* _Extracted data entries_:
•••

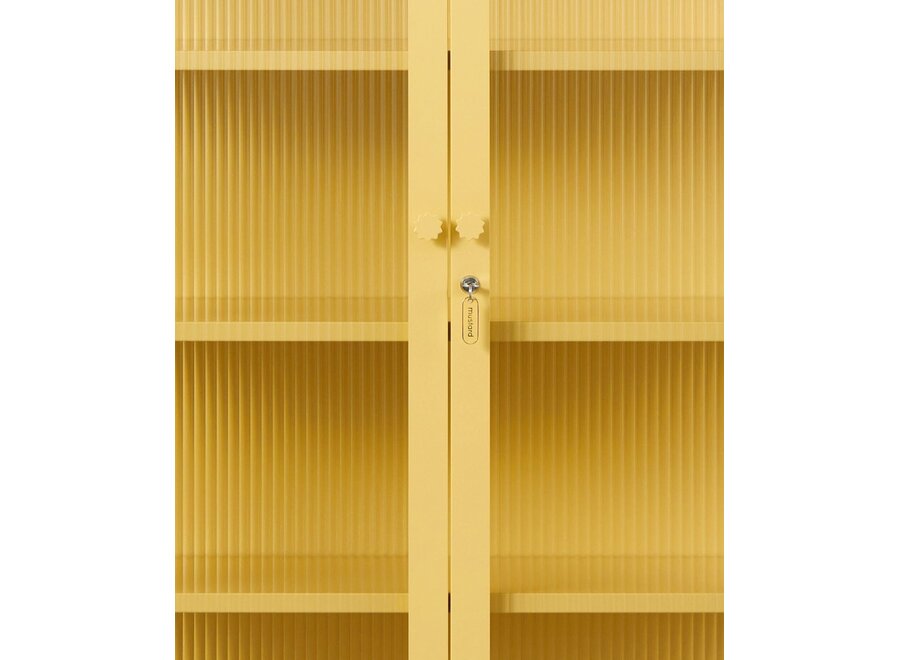 SHOWROOM // The collector / Butter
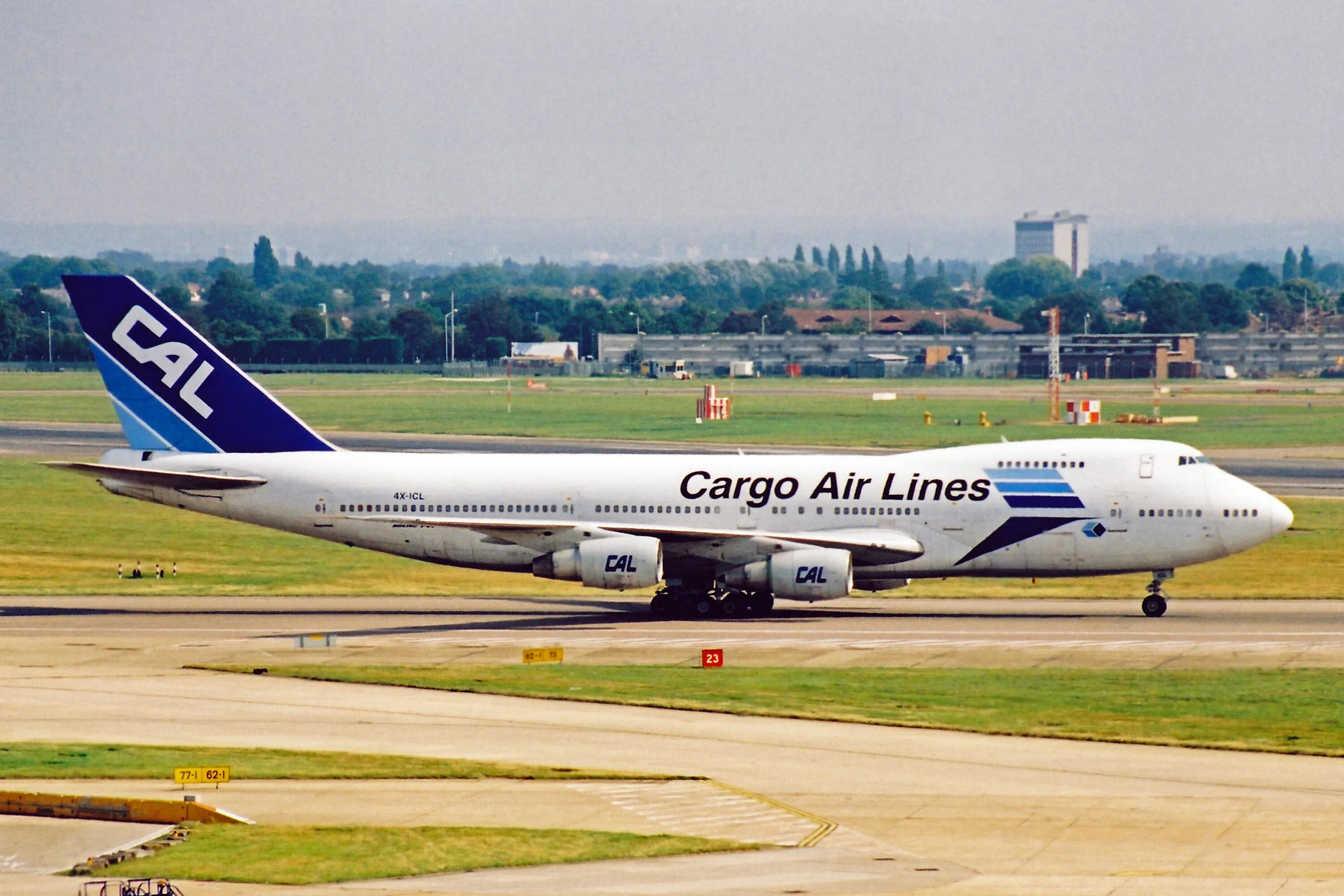 Cal Cargo 747. Cal Cargo Airlines. Боинг 747 авиакомпании гуантос. Боинг 747-400 в Туркменистане. Аир лайн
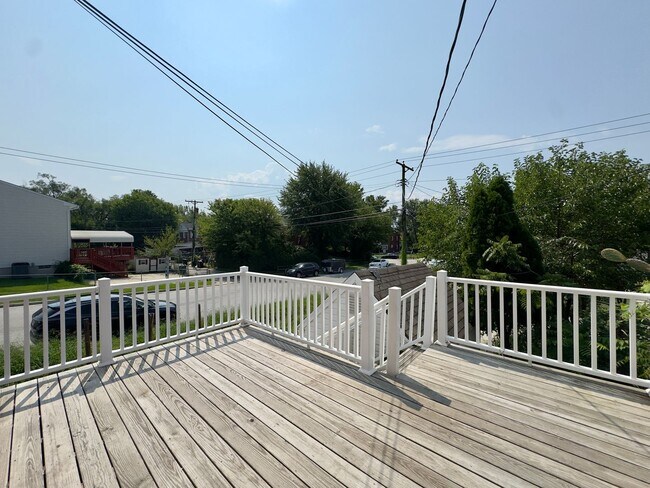 Building Photo - 7441 Berkshire Rd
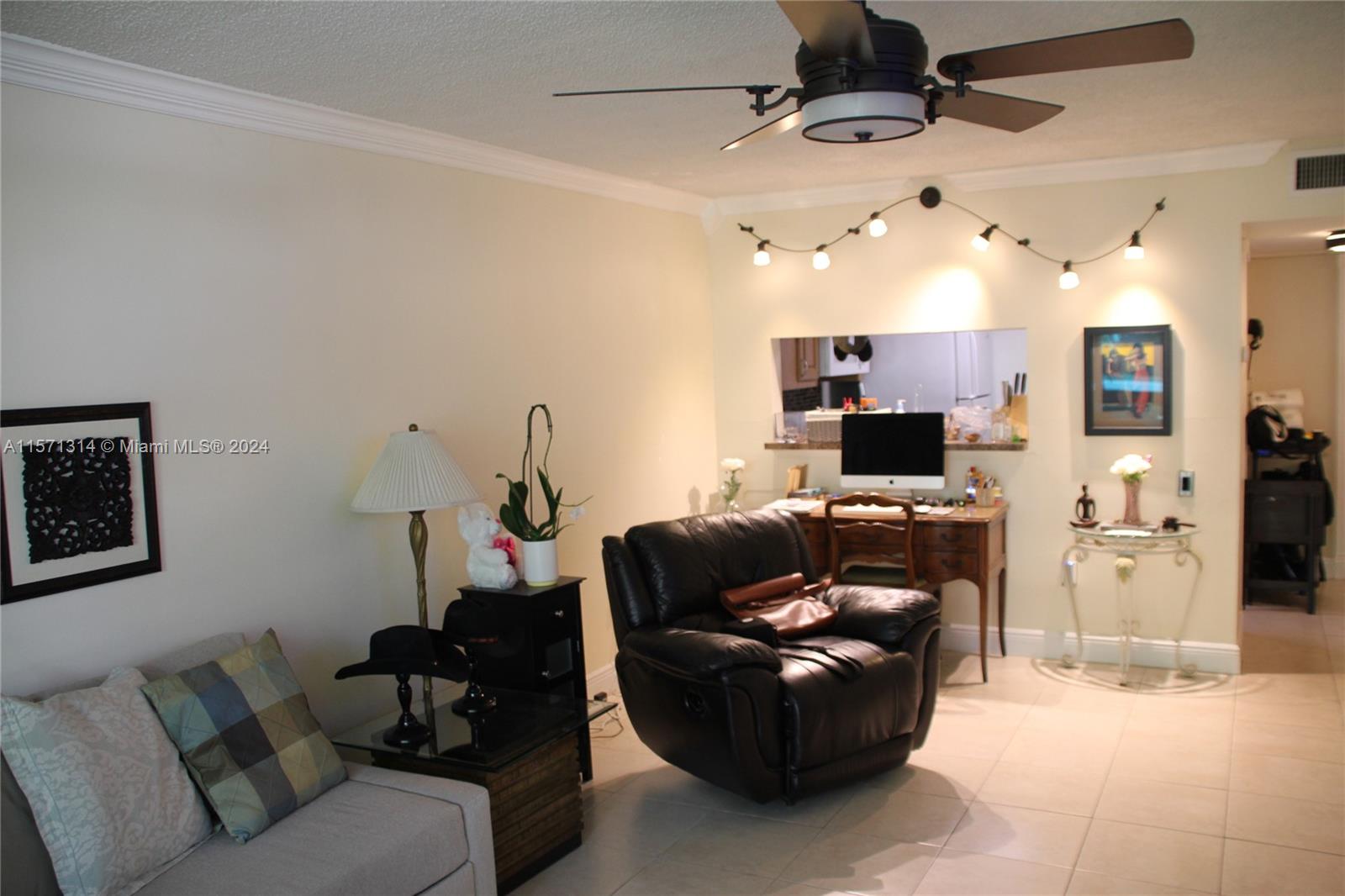 9091 Lime Bay Blvd 106, Tamarac, Florida 33321, 1 Bedroom Bedrooms, ,1 BathroomBathrooms,Residentiallease,For Rent,9091 Lime Bay Blvd 106,A11571314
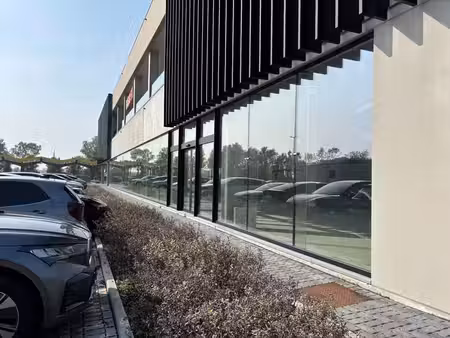 espace commercial avec une excellente visibilité le long de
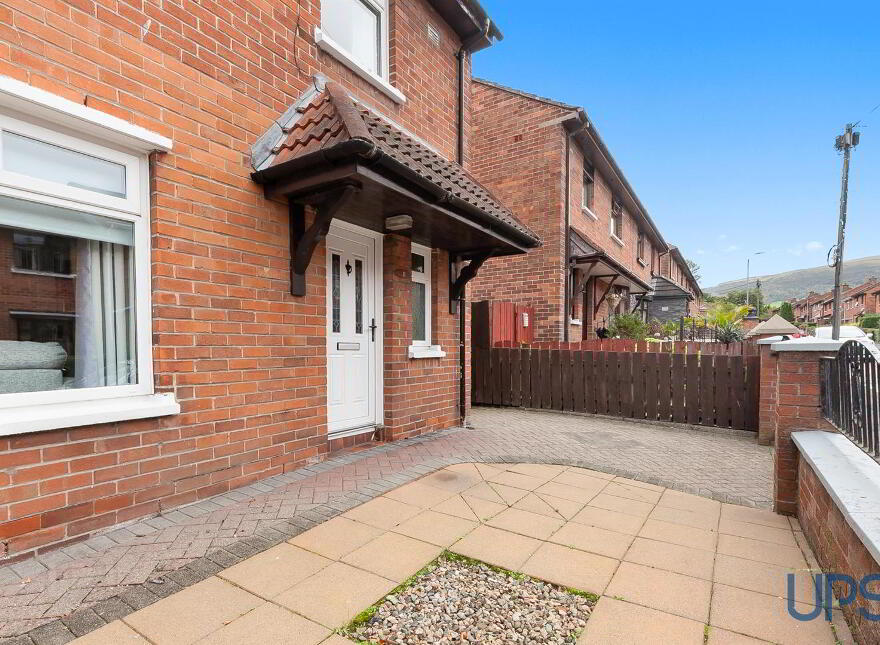 8 Andersonstown Park West, Belfast, BT11 8FN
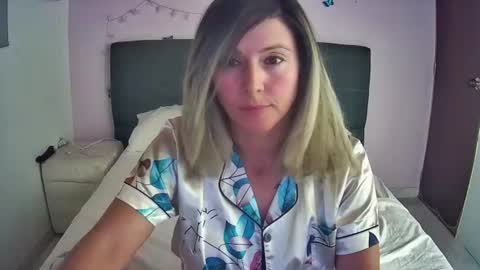 Snapshot of hestesiaxx chatting on July 13, 2026, 2:03 am Hestesiaxx online show from July 13, 2026, 2:03 am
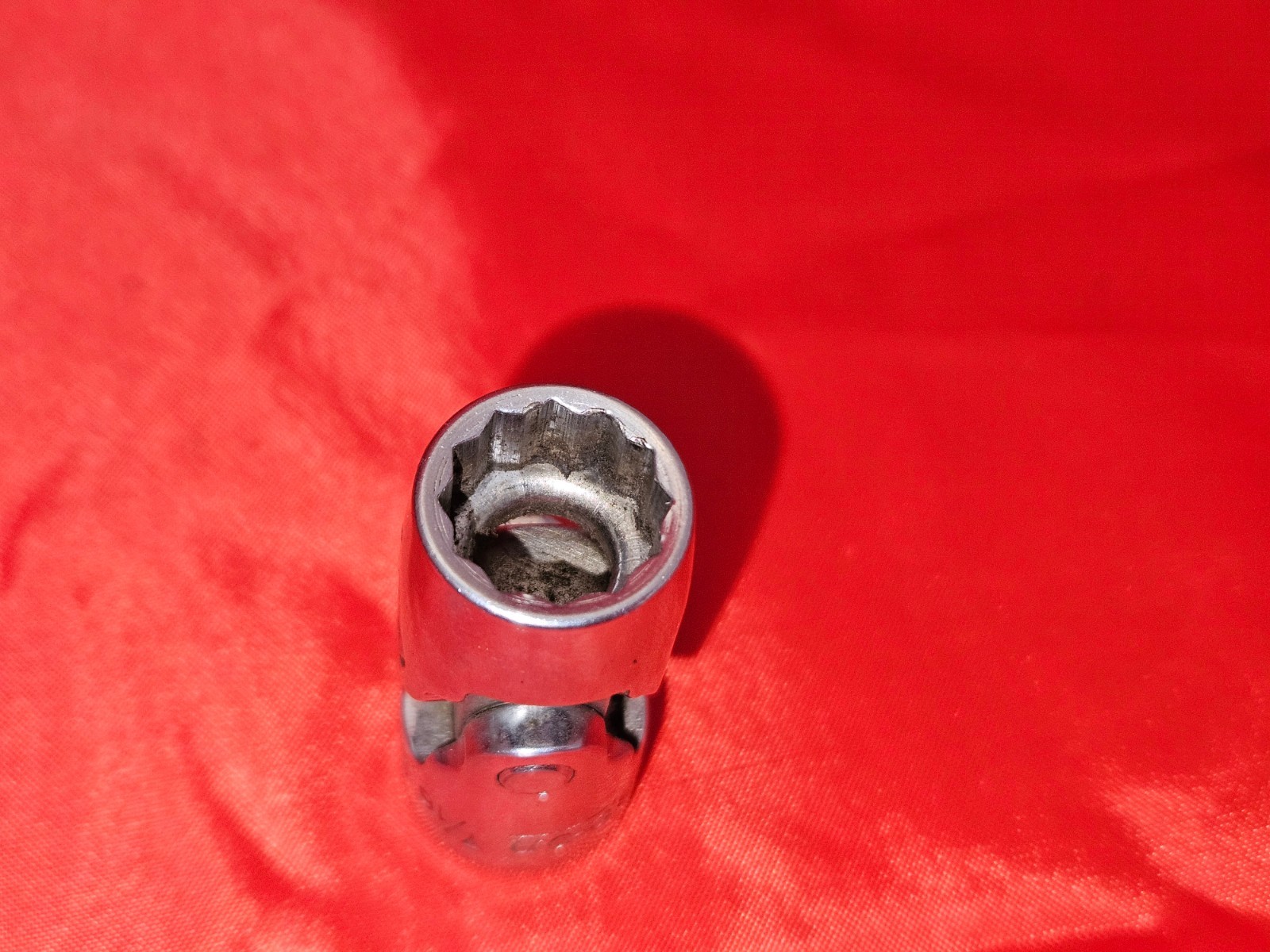 Snap-on FVU14 3/8″ Drive 7/16″ 12 Point Shallow Universal Swivel Socket USA D4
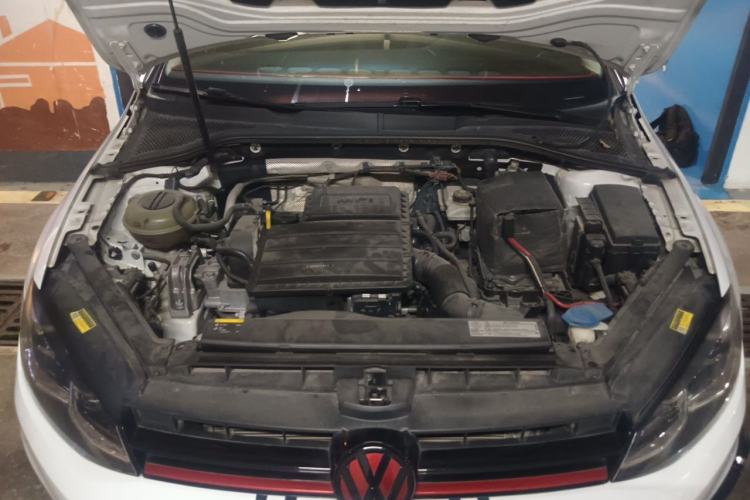 Used Volkswagen Golf 2014 1.6L Automatic Fashion Model Engine Bay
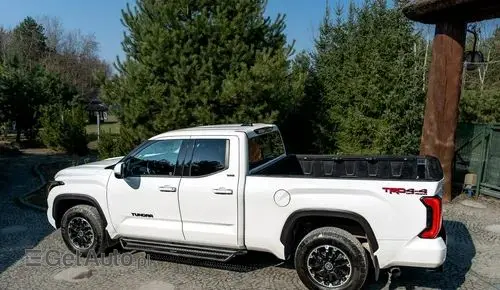 TOYOTA Tundra 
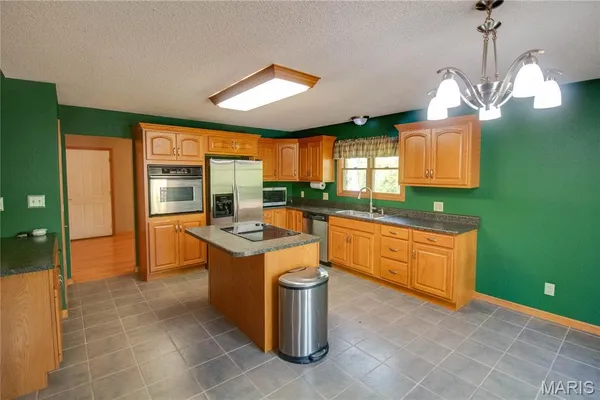 $495,000 | 19383 Deer Run Lane, Brighton, IL 62012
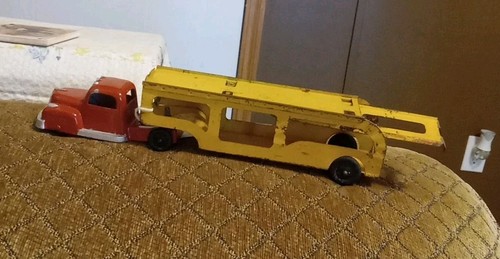VINTAGE TOOTSIETOY 1940s 50s AC SPARK PLUGS CAR HAULER DIECAST METAL
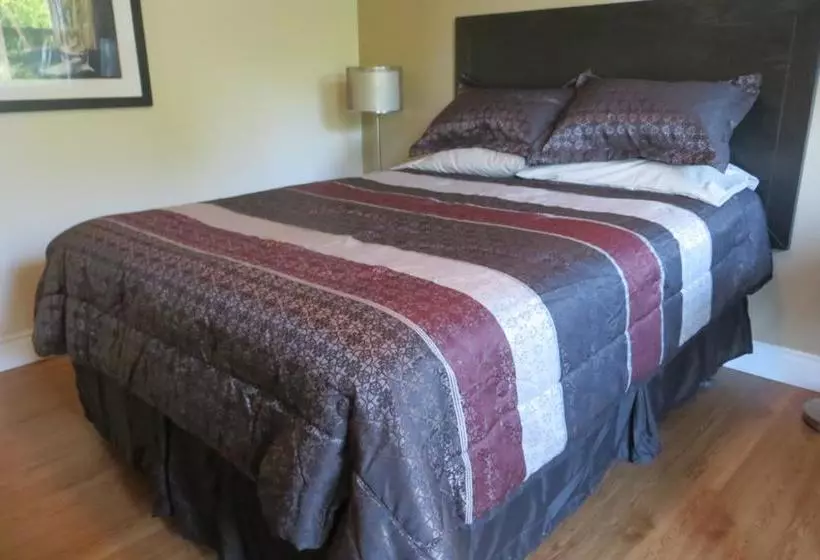 Fundy Line Motel
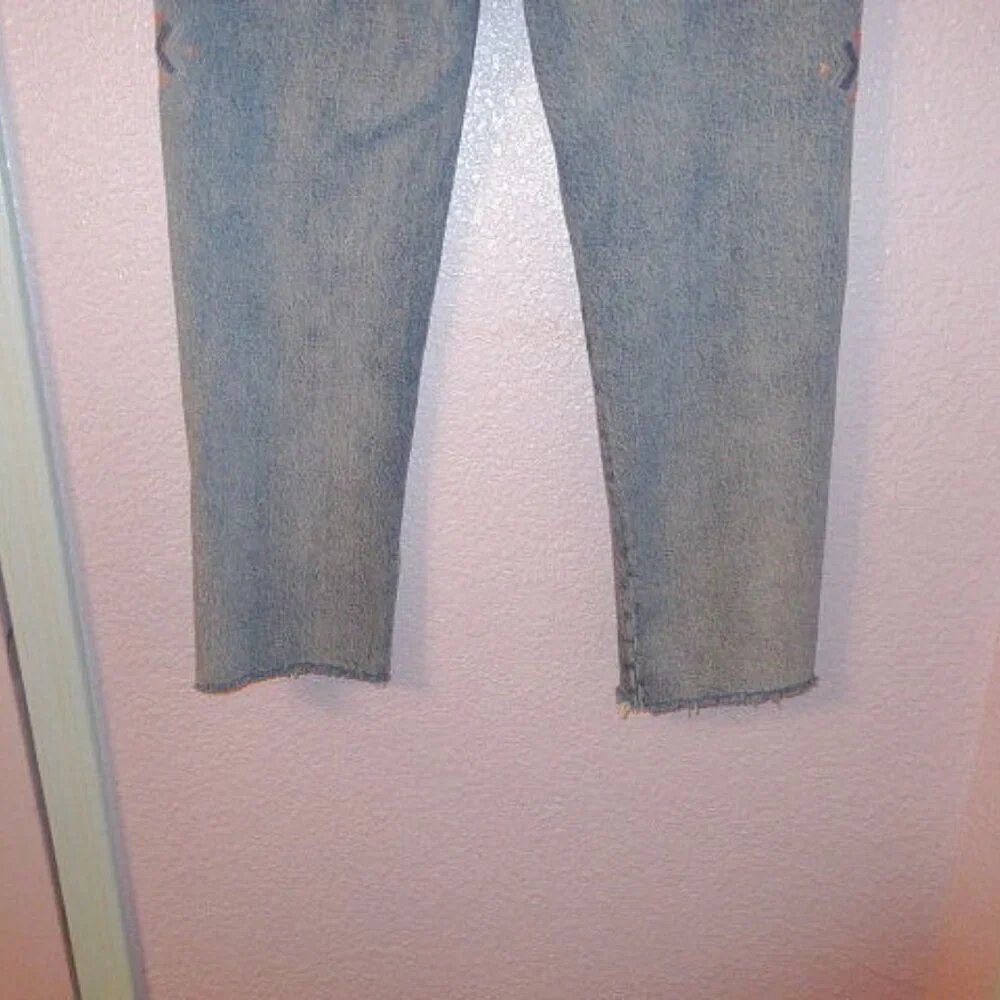Lucky Brand excellent but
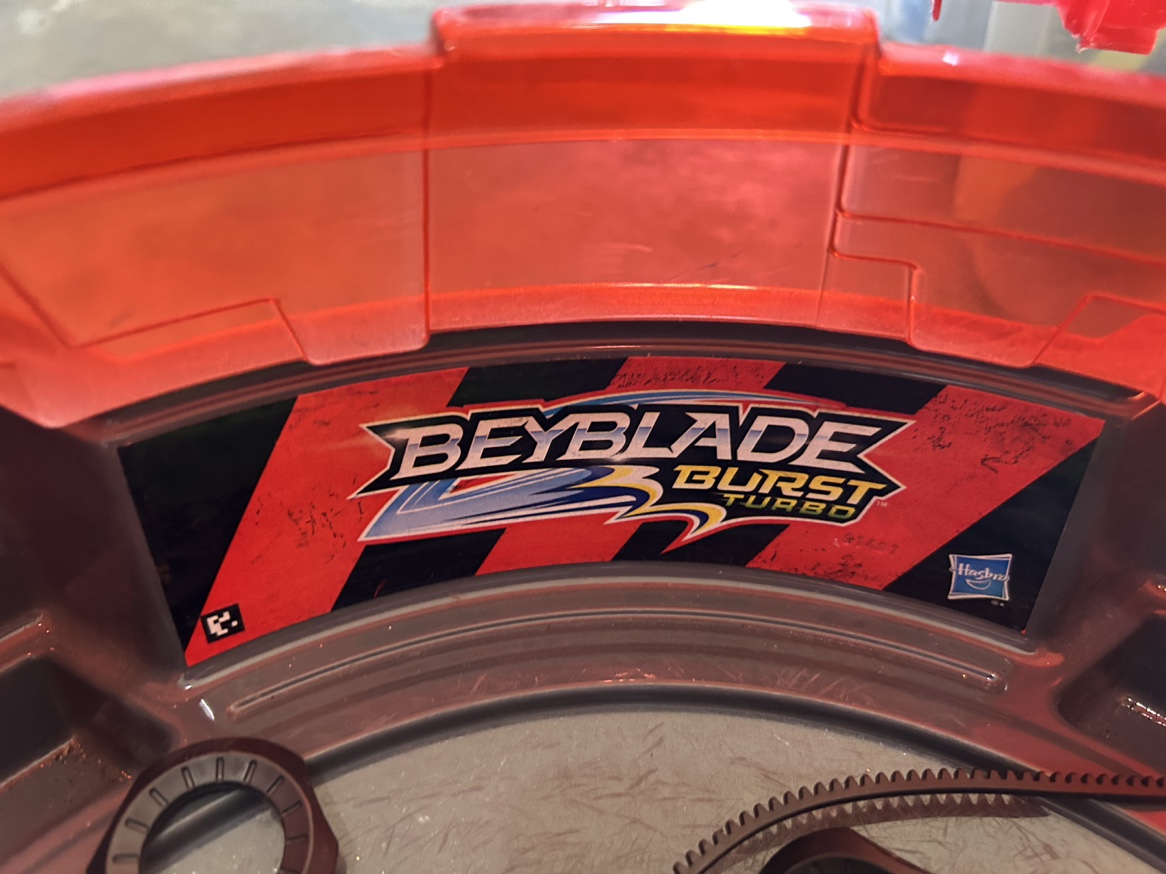 Beyblade Burst Turbo - photo 2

•••

* _DIRECTIONS FOR THIS TASK_: Copy each of the entries above precisely, and drop whatever pictures they hold.

* _TASK RESULT_:
 SHOWROOM // The collector / Butter
 Cal Cargo 747. Cal Cargo Airlines. Боинг 747 авиакомпании гуантос. Боинг 747-400 в Туркменистане. Аир лайн
 Building Photo - 7441 Berkshire Rd
 9091 Lime Bay Blvd 106, Tamarac, Florida 33321, 1 Bedroom Bedrooms, ,1 BathroomBathrooms,Residentiallease,For Rent,9091 Lime Bay Blvd 106,A11571314
 espace commercial avec une excellente visibilité le long de
 8 Andersonstown Park West, Belfast, BT11 8FN
 Snapshot of hestesiaxx chatting on July 13, 2026, 2:03 am Hestesiaxx online show from July 13, 2026, 2:03 am
 Snap-on FVU14 3/8″ Drive 7/16″ 12 Point Shallow Universal Swivel Socket USA D4
 Used Volkswagen Golf 2014 1.6L Automatic Fashion Model Engine Bay
 TOYOTA Tundra 
 $495,000 | 19383 Deer Run Lane, Brighton, IL 62012
VINTAGE TOOTSIETOY 1940s 50s AC SPARK PLUGS CAR HAULER DIECAST METAL
 Fundy Line Motel
Lucky Brand excellent but
 Beyblade Burst Turbo - photo 2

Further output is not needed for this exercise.